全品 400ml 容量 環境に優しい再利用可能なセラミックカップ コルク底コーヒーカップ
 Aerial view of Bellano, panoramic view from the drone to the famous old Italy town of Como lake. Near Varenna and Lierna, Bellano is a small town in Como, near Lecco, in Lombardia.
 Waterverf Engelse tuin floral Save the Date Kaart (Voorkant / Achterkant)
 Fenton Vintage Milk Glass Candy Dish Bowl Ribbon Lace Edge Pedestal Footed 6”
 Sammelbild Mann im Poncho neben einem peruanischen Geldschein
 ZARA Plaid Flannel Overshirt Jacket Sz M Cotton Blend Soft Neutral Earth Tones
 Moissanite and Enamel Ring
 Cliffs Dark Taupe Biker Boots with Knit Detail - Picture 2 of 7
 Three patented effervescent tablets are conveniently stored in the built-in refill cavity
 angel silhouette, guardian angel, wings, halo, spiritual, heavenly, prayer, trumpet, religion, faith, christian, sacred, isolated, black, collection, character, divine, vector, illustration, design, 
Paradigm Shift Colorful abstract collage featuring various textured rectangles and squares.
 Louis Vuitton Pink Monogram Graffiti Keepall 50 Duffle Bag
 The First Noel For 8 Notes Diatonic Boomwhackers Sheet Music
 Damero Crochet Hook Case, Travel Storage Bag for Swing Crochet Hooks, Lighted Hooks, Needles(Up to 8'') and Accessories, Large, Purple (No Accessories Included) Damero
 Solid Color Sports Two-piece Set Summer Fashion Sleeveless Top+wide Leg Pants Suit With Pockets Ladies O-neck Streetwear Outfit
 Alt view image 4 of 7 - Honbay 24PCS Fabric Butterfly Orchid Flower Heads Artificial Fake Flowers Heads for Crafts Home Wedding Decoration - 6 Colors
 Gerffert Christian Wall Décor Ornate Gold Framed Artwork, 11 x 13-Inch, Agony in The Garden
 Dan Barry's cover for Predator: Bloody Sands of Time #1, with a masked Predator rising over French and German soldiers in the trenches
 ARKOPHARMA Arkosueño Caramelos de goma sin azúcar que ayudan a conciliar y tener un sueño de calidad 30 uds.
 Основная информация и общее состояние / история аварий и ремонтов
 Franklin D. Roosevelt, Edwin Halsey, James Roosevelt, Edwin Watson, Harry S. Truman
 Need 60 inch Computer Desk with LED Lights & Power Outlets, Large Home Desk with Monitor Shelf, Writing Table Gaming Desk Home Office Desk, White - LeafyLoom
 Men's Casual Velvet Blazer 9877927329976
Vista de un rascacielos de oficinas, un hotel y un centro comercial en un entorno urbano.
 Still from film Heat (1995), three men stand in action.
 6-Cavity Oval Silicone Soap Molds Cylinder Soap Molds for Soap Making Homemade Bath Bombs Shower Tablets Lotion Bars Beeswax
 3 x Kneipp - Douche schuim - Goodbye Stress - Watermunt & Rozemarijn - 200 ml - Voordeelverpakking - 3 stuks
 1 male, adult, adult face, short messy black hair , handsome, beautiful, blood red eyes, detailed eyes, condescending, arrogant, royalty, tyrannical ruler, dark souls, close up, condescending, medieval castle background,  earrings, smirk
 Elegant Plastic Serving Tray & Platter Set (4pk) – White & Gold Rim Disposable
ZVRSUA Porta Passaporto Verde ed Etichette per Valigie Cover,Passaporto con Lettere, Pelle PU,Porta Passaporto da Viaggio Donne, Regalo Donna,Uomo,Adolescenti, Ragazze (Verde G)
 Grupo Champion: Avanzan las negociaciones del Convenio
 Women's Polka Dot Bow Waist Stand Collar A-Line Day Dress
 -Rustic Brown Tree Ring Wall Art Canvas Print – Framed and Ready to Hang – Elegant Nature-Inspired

**********

THE PROBLEM:
If a line in the listing holds the word "Elegant", copy it out.

SOLUTION TO THIS TASK:
 Elegant Plastic Serving Tray & Platter Set (4pk) – White & Gold Rim Disposable
 -Rustic Brown Tree Ring Wall Art Canvas Print – Framed and Ready to Hang – Elegant Nature-Inspired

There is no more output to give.